**WHAT TO PRODUCE**
Each line of the data below goes into the copy exactly; pictures do not.

**DATASET SECTION**

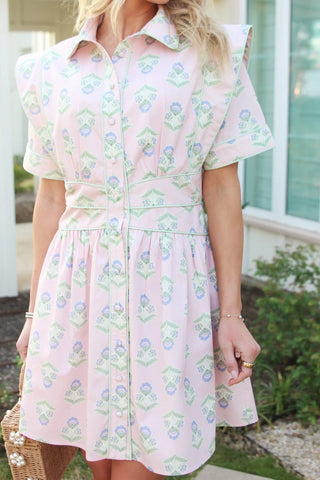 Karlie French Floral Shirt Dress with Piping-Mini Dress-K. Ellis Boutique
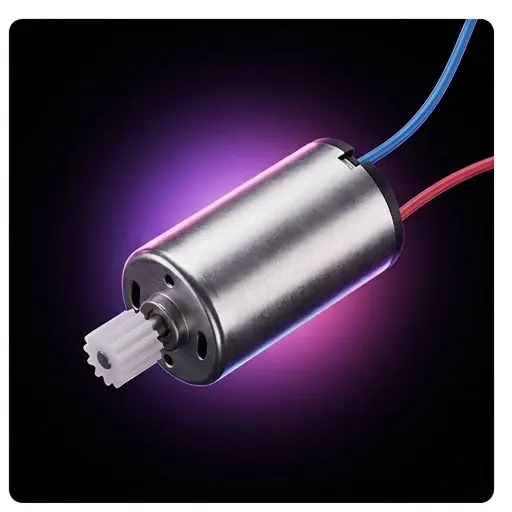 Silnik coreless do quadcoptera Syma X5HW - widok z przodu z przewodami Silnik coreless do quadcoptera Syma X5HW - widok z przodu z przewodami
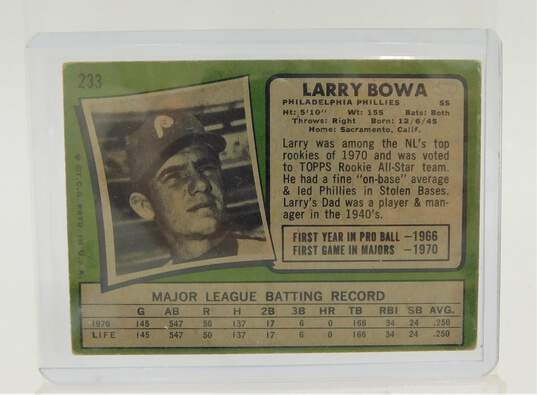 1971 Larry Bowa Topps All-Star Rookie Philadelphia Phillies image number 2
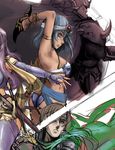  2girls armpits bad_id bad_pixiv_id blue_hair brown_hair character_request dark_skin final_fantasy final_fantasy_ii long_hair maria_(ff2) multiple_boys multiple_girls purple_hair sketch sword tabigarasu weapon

**RESPONSE TO THIS TASK**
 Karlie French Floral Shirt Dress with Piping-Mini Dress-K. Ellis Boutique
 Silnik coreless do quadcoptera Syma X5HW - widok z przodu z przewodami Silnik coreless do quadcoptera Syma X5HW - widok z przodu z przewodami
 1971 Larry Bowa Topps All-Star Rookie Philadelphia Phillies image number 2
  2girls armpits bad_id bad_pixiv_id blue_hair brown_hair character_request dark_skin final_fantasy final_fantasy_ii long_hair maria_(ff2) multiple_boys multiple_girls purple_hair sketch sword tabigarasu weapon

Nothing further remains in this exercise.